The revision of this policy timed to Trump’s second election demonstrates that the company is focused on allowing more hateful speech against specific groups, with a noticeable and particular focus on enabling more speech challenging LGBTQ+ rights. For example, the revised policy removed previous prohibitions on comparing people to inanimate objects, feces, and filth based on their protected characteristics, such as sexual identity.
In response, LGBTQ+ rights organization AllOut gathered social justice groups and civil society organizations, including EFF, to demand that Meta immediately reverse the policy changes. By normalizing such speech, Meta risks increasing hate and discrimination against LGBTQ+ people on Facebook, Instagram and Threads.

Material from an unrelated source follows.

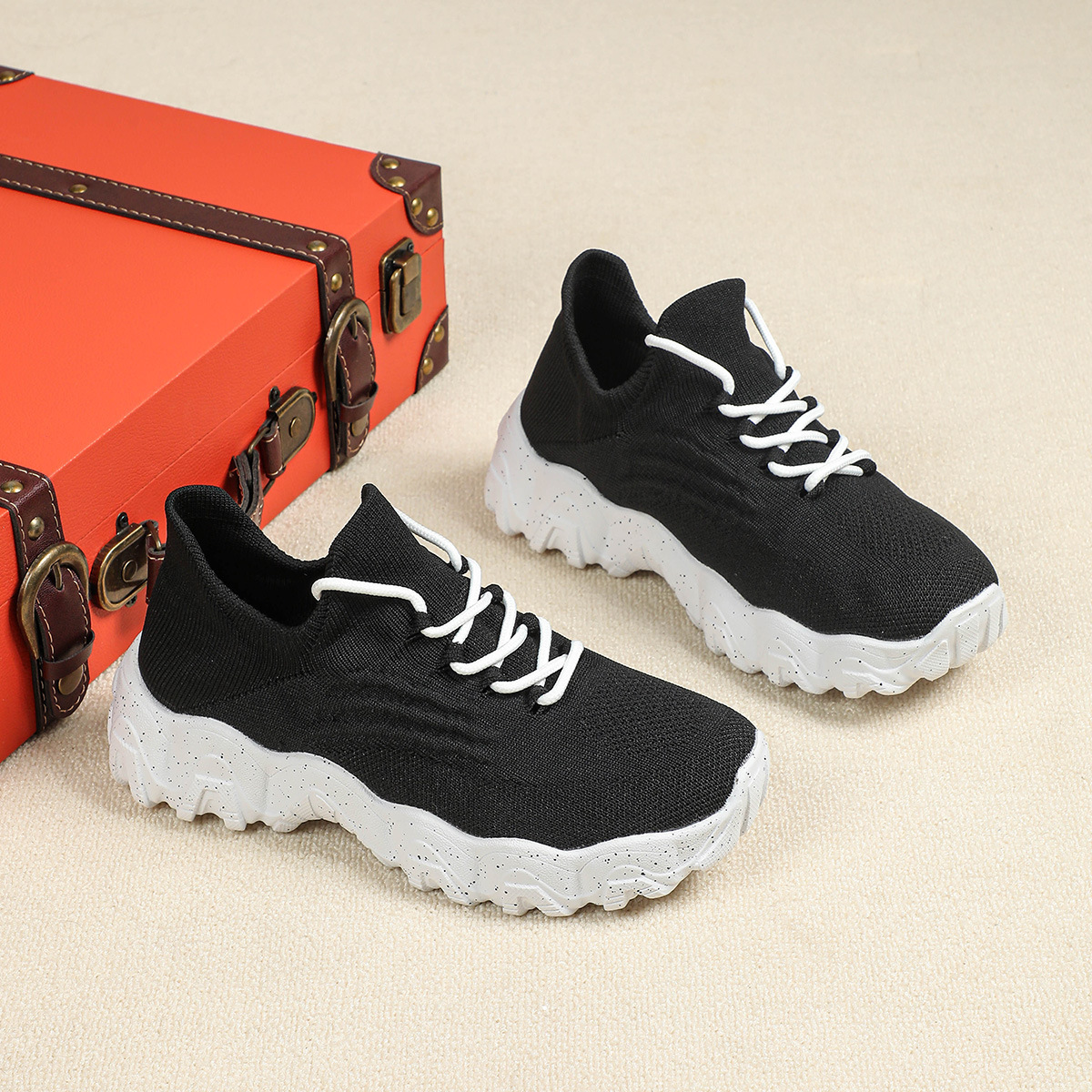 Women's knitted breathable and non-slip height increasing(1.96in) sneakers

The campaign is supported by the following partners: All Out, Global Project Against Hate and Extremism (GPAHE), Electronic Frontier Foundation (EFF), EDRi - European Digital Rights, Bits of Freedom, SUPERRR Lab, Danes je nov dan, Corporación Caribe Afirmativo, Fundación Polari, Asociación Red Nacional de Consejeros, Consejeras y Consejeres de Paz LGBTIQ+, La Junta Marica, Asociación por las Infancias Transgénero, Coletivo LGBTQIAPN+ Somar, Coletivo Viveração, and ADT - Associação da Diversidade Tabuleirense, Casa Marielle Franco Brasil, Articulação Brasileira de Gays - ARTGAY, Centro de Defesa dos Direitos da Criança e do Adolescente Padre, Marcos Passerini-CDMP, Agência Ambiental Pick-upau, Núcleo Ypykuéra, Kurytiba Metropole, ITTC - Instituto Terra, Trabalho e Cidadania.
Sign the AllOut petition (external link) and tell Meta: Stop hate speech against LGBT+ people!
If Meta truly values freedom of expression, we urge it to redirect its focus to empowering some of its most marginalized speakers, rather than empowering only their detractors and oppressive voices.